Gordon Brown, his chancellor, partner in the resurrection of the party, and ever more impatient rival for the leadership, did not yesterday demur. Perhaps chastened by public perception that he was trying to organise a coup only 16 months after Labour's re-election, and maybe fearful that he risked destroying the citadel just as it was about to fall into his hands, Mr Brown seemed to indicate he was prepared to wait a little longer.

The events of recent days have not been an edifying spectacle. All civil war is notoriously vicious and beyond reason's reach. But it is striking how much commentary accepts the self-interested terms of debate set by the civil warriors, about what is best for them and their party.

This is a matter of some bemusement to most British citizens, as well as foreigners perplexed by Britain's traditions of political assassination. On the face of it, moreover, this has been a successful government that has presided over unbroken economic growth. It is not massively below popularity levels common for second- or third-term governments, yet it is wallowing in introspective factionalism that has lost sight of the national interest.

Mr Blair, of course, has forfeited a lot of support within a party that never took him to its heart and which he has frequently treated with contempt. His plummeting popularity because of the Iraq debacle, compounded by his error of judgment in holding out against an early ceasefire in the recent Lebanon war, is the sort of trend that makes many Labour MPs fear for their seats.

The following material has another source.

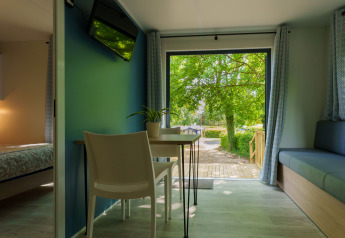 Lodge moderno con camera da letto, zona pranzo e porte aperte su terrazza in legno con vista sugli alberi.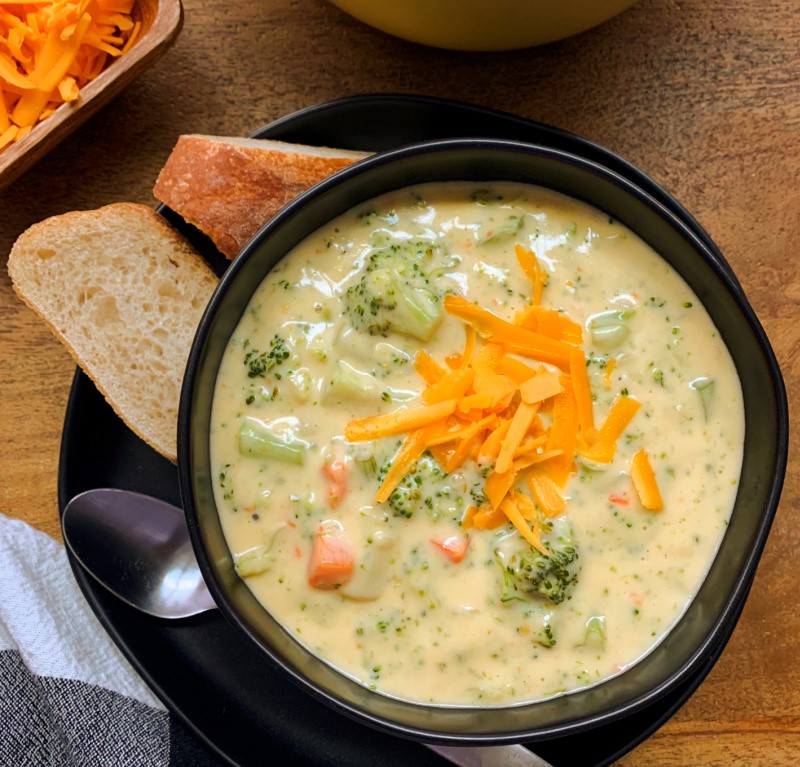 what to serve with broccoli cheese soup- overheadview of bowl of soup garnished with shredded cheese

Mr Blair and his circle often seemed trapped in a weird amalgam of embattled hubris. Here is a man who responds to any questioning of his increasingly inexplicable foreign policy by expressing his "complete inner confidence" that he is doing the right thing. Aides plotting the manner of his departure aver that it is not so much what the government has delivered that counts as the survival of Blairism.

But the more proximate cause of his troubles is that different streams of party discontent have flowed into each other - the unreconciled on Iraq, the irreconcilable Old Labour rump, and a larger, mainstream group unhappy with the domestic reform agenda.

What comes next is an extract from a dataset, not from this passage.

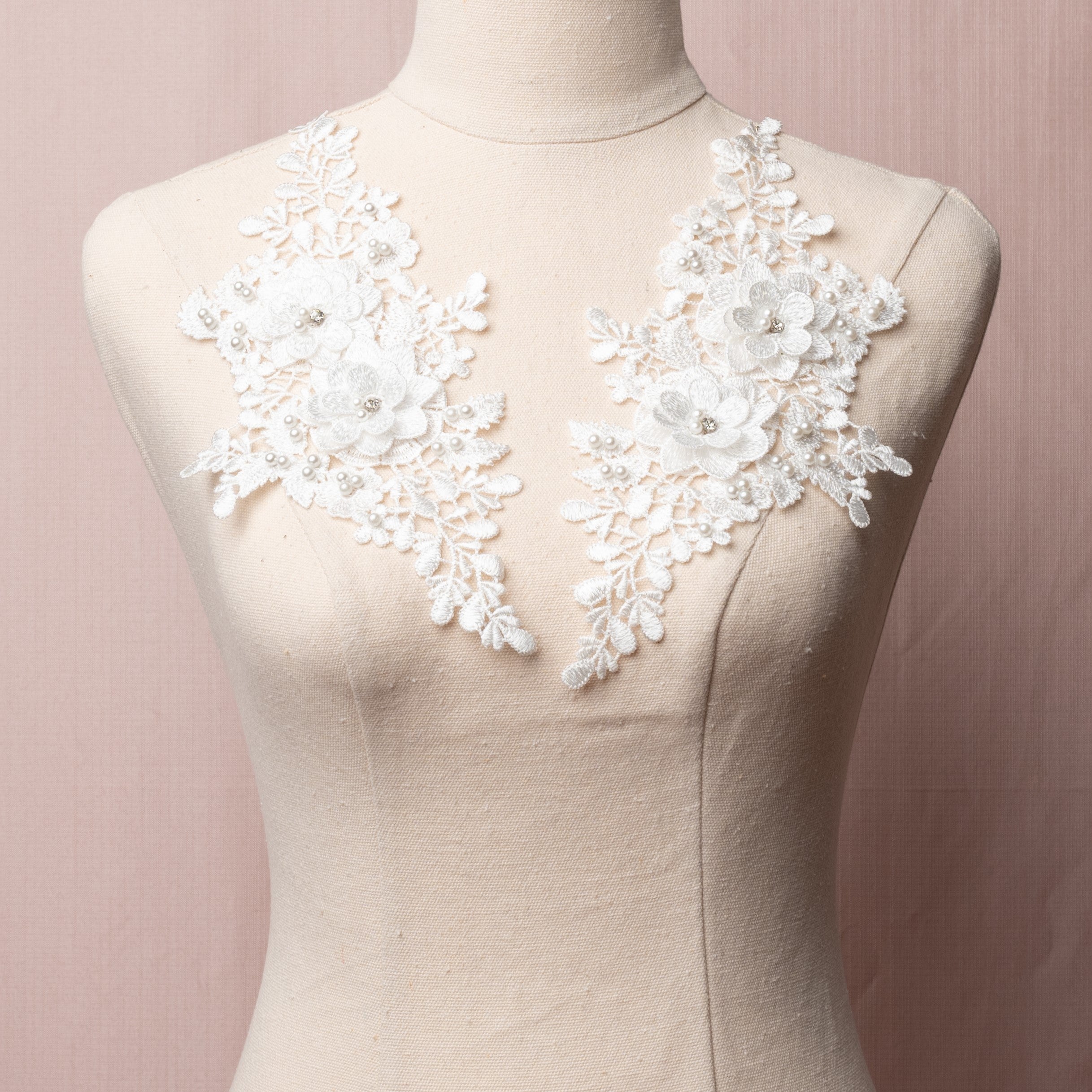 White mirrored pair embroidered applique with 3D flowers.  The applique is embellished with a scattering of white pearls and the 3D flowers have a crystal centre.  The appliques are displayed on a mannequin.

This confluence of rebellion is probably enough to deny Mr Blair his long goodbye. It is certainly enough to paralyse meaningful government. That means the prime minister should set a date for his exit that is sooner rather than later - in a way that serves the country ahead of his party.

This government was re-elected - albeit with widespread clenching of teeth - on the understanding that Mr Blair was pledged to serve a full term, and on a prospectus of reform, especially in public services. That cannot now be changed as a result of some backroom deal between the prime minister and the chancellor. As Mr Blair himself said yesterday: "We can't treat the public as irrelevant bystanders."

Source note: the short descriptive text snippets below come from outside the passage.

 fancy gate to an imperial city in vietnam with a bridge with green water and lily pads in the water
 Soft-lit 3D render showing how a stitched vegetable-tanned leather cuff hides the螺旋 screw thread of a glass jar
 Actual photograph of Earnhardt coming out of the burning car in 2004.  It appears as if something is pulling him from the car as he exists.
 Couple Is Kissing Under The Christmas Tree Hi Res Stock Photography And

Britain's parliamentary system - where it is the largest party that has the right to form the government - allows the transfer of power within the party. But to proceed purely on that basis in these circumstances would be to pickpocket the electorate.

Mr Blair should therefore set an early date for his move to a caretaker role and the start of a contest to succeed him. Mr Brown is, of course, the overwhelming favourite to take over. But we know surprisingly little about the likely content of his future policies, beyond the assertion of his absolute right to formulate them.

There are genuine differences within New Labour. The most significant, highlighted by, among others, Charles Clarke, the defenestrated former home and education secretary, is between those who favour a centralised, Fabian-style delivery of public goods and services, and those who insist on the need for choice and diversity. The Blairite view that design flaws in the provision of welfare and public service entrench inequality and hold back the disadvantaged is valid. Where does the chancellor, instinctively centralist throughout his years at the Treasury, stand on this? What sort of foreign policy, for that matter, can we expect from Mr Brown, beyond periodic and patronising sermons to our European partners?

None of this should be seen, or used, as a ploy to deny the chancellor the premiership. The purpose of debate is to clarify and to sharpen. People want to know what Mr Brown really stands for. He and Mr Blair should not forget they are public servants; under Britain's system, the electorate is master.